▶ [Directions]: Return every line below exactly, leaving nothing out.

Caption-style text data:

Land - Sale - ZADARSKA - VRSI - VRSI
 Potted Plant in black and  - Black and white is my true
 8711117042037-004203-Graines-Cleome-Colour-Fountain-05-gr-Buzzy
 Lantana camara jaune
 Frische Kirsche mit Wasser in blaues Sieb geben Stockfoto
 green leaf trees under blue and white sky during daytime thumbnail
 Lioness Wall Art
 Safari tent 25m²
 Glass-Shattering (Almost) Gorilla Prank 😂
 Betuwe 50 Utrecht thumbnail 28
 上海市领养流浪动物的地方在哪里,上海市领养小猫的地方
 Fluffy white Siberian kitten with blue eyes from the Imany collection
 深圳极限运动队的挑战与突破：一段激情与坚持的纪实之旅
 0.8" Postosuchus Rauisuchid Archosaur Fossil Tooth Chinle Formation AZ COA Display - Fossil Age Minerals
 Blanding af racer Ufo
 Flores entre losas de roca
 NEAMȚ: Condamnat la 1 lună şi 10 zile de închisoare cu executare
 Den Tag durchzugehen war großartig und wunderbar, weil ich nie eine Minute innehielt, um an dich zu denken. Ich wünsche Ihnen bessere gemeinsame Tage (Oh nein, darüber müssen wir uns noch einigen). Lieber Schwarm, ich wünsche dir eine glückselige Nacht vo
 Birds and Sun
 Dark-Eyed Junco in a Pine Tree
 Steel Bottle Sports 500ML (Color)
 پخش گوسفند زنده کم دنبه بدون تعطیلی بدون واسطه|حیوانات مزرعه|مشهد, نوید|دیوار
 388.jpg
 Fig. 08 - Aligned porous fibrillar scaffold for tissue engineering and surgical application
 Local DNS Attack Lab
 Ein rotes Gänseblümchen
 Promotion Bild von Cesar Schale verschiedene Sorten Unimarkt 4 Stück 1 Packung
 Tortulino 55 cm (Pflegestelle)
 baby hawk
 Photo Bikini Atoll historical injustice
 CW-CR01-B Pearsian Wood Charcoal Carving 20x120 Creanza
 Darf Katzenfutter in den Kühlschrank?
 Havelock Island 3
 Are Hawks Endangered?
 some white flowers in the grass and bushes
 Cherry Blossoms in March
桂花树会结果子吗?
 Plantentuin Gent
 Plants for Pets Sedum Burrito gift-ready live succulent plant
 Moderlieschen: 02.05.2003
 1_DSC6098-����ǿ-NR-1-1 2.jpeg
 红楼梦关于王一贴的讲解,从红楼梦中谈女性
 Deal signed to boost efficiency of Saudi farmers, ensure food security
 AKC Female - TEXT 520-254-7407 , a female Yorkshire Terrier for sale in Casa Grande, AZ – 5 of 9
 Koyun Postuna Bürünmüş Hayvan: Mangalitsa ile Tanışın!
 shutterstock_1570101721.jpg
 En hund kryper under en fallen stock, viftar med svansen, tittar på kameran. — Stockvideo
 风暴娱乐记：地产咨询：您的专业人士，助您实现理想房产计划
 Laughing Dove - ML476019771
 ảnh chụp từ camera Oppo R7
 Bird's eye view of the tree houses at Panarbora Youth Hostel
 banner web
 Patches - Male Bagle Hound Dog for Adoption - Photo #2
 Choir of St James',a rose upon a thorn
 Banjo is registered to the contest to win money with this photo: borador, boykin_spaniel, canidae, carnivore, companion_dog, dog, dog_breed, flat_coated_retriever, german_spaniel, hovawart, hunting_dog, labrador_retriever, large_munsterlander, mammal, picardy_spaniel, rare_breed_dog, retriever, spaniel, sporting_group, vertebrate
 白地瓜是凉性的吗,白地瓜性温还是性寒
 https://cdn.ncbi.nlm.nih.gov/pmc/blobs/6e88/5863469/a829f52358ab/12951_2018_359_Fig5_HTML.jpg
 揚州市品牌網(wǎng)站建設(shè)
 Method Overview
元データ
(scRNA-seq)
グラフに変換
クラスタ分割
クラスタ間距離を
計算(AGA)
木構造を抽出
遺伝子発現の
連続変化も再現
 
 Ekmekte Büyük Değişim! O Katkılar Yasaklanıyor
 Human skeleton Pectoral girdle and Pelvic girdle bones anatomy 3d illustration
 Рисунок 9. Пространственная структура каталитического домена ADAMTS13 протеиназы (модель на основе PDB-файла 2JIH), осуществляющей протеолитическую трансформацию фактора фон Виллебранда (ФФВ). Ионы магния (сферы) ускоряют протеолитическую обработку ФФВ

▶ [Exercise solution]:
Land - Sale - ZADARSKA - VRSI - VRSI
 Potted Plant in black and  - Black and white is my true
 8711117042037-004203-Graines-Cleome-Colour-Fountain-05-gr-Buzzy
 Lantana camara jaune
 Frische Kirsche mit Wasser in blaues Sieb geben Stockfoto
 green leaf trees under blue and white sky during daytime thumbnail
 Lioness Wall Art
 Safari tent 25m²
 Glass-Shattering (Almost) Gorilla Prank 😂
 Betuwe 50 Utrecht thumbnail 28
 上海市领养流浪动物的地方在哪里,上海市领养小猫的地方
 Fluffy white Siberian kitten with blue eyes from the Imany collection
 深圳极限运动队的挑战与突破：一段激情与坚持的纪实之旅
 0.8" Postosuchus Rauisuchid Archosaur Fossil Tooth Chinle Formation AZ COA Display - Fossil Age Minerals
 Blanding af racer Ufo
 Flores entre losas de roca
 NEAMȚ: Condamnat la 1 lună şi 10 zile de închisoare cu executare
 Den Tag durchzugehen war großartig und wunderbar, weil ich nie eine Minute innehielt, um an dich zu denken. Ich wünsche Ihnen bessere gemeinsame Tage (Oh nein, darüber müssen wir uns noch einigen). Lieber Schwarm, ich wünsche dir eine glückselige Nacht vo
 Birds and Sun
 Dark-Eyed Junco in a Pine Tree
 Steel Bottle Sports 500ML (Color)
 پخش گوسفند زنده کم دنبه بدون تعطیلی بدون واسطه|حیوانات مزرعه|مشهد, نوید|دیوار
 388.jpg
 Fig. 08 - Aligned porous fibrillar scaffold for tissue engineering and surgical application
 Local DNS Attack Lab
 Ein rotes Gänseblümchen
 Promotion Bild von Cesar Schale verschiedene Sorten Unimarkt 4 Stück 1 Packung
 Tortulino 55 cm (Pflegestelle)
 baby hawk
 Photo Bikini Atoll historical injustice
 CW-CR01-B Pearsian Wood Charcoal Carving 20x120 Creanza
 Darf Katzenfutter in den Kühlschrank?
 Havelock Island 3
 Are Hawks Endangered?
 some white flowers in the grass and bushes
 Cherry Blossoms in March
桂花树会结果子吗?
 Plantentuin Gent
 Plants for Pets Sedum Burrito gift-ready live succulent plant
 Moderlieschen: 02.05.2003
 1_DSC6098-����ǿ-NR-1-1 2.jpeg
 红楼梦关于王一贴的讲解,从红楼梦中谈女性
 Deal signed to boost efficiency of Saudi farmers, ensure food security
 AKC Female - TEXT 520-254-7407 , a female Yorkshire Terrier for sale in Casa Grande, AZ – 5 of 9
 Koyun Postuna Bürünmüş Hayvan: Mangalitsa ile Tanışın!
 shutterstock_1570101721.jpg
 En hund kryper under en fallen stock, viftar med svansen, tittar på kameran. — Stockvideo
 风暴娱乐记：地产咨询：您的专业人士，助您实现理想房产计划
 Laughing Dove - ML476019771
 ảnh chụp từ camera Oppo R7
 Bird's eye view of the tree houses at Panarbora Youth Hostel
 banner web
 Patches - Male Bagle Hound Dog for Adoption - Photo #2
 Choir of St James',a rose upon a thorn
 Banjo is registered to the contest to win money with this photo: borador, boykin_spaniel, canidae, carnivore, companion_dog, dog, dog_breed, flat_coated_retriever, german_spaniel, hovawart, hunting_dog, labrador_retriever, large_munsterlander, mammal, picardy_spaniel, rare_breed_dog, retriever, spaniel, sporting_group, vertebrate
 白地瓜是凉性的吗,白地瓜性温还是性寒
 https://cdn.ncbi.nlm.nih.gov/pmc/blobs/6e88/5863469/a829f52358ab/12951_2018_359_Fig5_HTML.jpg
 揚州市品牌網(wǎng)站建設(shè)
 Method Overview
元データ
(scRNA-seq)
グラフに変換
クラスタ分割
クラスタ間距離を
計算(AGA)
木構造を抽出
遺伝子発現の
連続変化も再現
 
 Ekmekte Büyük Değişim! O Katkılar Yasaklanıyor
 Human skeleton Pectoral girdle and Pelvic girdle bones anatomy 3d illustration
 Рисунок 9. Пространственная структура каталитического домена ADAMTS13 протеиназы (модель на основе PDB-файла 2JIH), осуществляющей протеолитическую трансформацию фактора фон Виллебранда (ФФВ). Ионы магния (сферы) ускоряют протеолитическую обработку ФФВ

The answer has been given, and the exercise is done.